Goal of the exercise –
Starting at the first line of the records below, transcribe each line exactly, ending with the line that contains "petit main(プティ".

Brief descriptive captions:
========
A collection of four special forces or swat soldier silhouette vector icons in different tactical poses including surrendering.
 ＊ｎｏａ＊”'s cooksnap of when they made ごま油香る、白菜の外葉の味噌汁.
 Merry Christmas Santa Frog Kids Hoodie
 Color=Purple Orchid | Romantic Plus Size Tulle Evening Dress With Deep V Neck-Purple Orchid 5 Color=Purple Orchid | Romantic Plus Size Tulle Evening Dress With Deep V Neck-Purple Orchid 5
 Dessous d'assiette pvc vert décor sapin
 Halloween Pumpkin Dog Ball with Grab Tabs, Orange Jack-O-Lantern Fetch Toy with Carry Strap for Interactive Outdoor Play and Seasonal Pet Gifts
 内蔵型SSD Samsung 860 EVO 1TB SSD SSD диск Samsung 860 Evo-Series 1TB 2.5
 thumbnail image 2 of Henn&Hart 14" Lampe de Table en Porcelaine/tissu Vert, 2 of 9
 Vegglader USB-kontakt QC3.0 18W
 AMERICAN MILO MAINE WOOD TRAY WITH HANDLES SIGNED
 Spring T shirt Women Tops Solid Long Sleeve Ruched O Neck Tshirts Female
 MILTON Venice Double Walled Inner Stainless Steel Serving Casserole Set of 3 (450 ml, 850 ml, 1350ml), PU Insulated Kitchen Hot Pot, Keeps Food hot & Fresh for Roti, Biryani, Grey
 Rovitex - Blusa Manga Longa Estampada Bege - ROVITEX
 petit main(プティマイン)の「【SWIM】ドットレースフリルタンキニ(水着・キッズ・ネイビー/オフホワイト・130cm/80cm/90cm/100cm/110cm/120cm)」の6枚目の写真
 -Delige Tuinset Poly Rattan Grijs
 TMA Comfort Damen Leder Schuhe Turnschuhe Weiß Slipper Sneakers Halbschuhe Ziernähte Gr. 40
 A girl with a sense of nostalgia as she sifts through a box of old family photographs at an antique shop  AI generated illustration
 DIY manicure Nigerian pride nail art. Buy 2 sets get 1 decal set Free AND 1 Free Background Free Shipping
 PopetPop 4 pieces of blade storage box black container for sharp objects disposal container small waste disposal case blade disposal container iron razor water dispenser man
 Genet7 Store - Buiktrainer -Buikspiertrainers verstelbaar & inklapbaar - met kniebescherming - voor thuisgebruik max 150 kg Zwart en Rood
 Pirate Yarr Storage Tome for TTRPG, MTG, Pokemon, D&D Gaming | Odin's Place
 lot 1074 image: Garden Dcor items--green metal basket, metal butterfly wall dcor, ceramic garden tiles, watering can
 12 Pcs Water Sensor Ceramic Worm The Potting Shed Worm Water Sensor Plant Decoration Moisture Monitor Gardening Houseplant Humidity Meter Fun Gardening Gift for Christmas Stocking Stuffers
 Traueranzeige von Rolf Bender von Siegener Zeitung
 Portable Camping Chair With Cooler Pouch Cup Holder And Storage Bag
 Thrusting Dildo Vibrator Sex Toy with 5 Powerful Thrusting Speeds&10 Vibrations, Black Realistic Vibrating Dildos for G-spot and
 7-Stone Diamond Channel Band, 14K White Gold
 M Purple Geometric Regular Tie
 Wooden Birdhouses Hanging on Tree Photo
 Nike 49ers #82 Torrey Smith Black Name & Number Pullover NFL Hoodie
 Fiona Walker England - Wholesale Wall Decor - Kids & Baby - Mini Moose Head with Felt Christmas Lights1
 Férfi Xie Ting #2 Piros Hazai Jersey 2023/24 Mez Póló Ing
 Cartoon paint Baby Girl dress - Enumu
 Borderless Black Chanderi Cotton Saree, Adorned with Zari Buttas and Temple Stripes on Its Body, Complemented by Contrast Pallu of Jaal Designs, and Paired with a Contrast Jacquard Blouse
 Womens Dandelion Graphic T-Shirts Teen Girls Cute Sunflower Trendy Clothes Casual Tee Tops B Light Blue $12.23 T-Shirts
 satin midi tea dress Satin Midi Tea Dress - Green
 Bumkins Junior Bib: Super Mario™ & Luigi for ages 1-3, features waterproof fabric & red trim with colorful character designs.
========
Task output –
A collection of four special forces or swat soldier silhouette vector icons in different tactical poses including surrendering.
 ＊ｎｏａ＊”'s cooksnap of when they made ごま油香る、白菜の外葉の味噌汁.
 Merry Christmas Santa Frog Kids Hoodie
 Color=Purple Orchid | Romantic Plus Size Tulle Evening Dress With Deep V Neck-Purple Orchid 5 Color=Purple Orchid | Romantic Plus Size Tulle Evening Dress With Deep V Neck-Purple Orchid 5
 Dessous d'assiette pvc vert décor sapin
 Halloween Pumpkin Dog Ball with Grab Tabs, Orange Jack-O-Lantern Fetch Toy with Carry Strap for Interactive Outdoor Play and Seasonal Pet Gifts
 内蔵型SSD Samsung 860 EVO 1TB SSD SSD диск Samsung 860 Evo-Series 1TB 2.5
 thumbnail image 2 of Henn&Hart 14" Lampe de Table en Porcelaine/tissu Vert, 2 of 9
 Vegglader USB-kontakt QC3.0 18W
 AMERICAN MILO MAINE WOOD TRAY WITH HANDLES SIGNED
 Spring T shirt Women Tops Solid Long Sleeve Ruched O Neck Tshirts Female
 MILTON Venice Double Walled Inner Stainless Steel Serving Casserole Set of 3 (450 ml, 850 ml, 1350ml), PU Insulated Kitchen Hot Pot, Keeps Food hot & Fresh for Roti, Biryani, Grey
 Rovitex - Blusa Manga Longa Estampada Bege - ROVITEX
 petit main(プティマイン)の「【SWIM】ドットレースフリルタンキニ(水着・キッズ・ネイビー/オフホワイト・130cm/80cm/90cm/100cm/110cm/120cm)」の6枚目の写真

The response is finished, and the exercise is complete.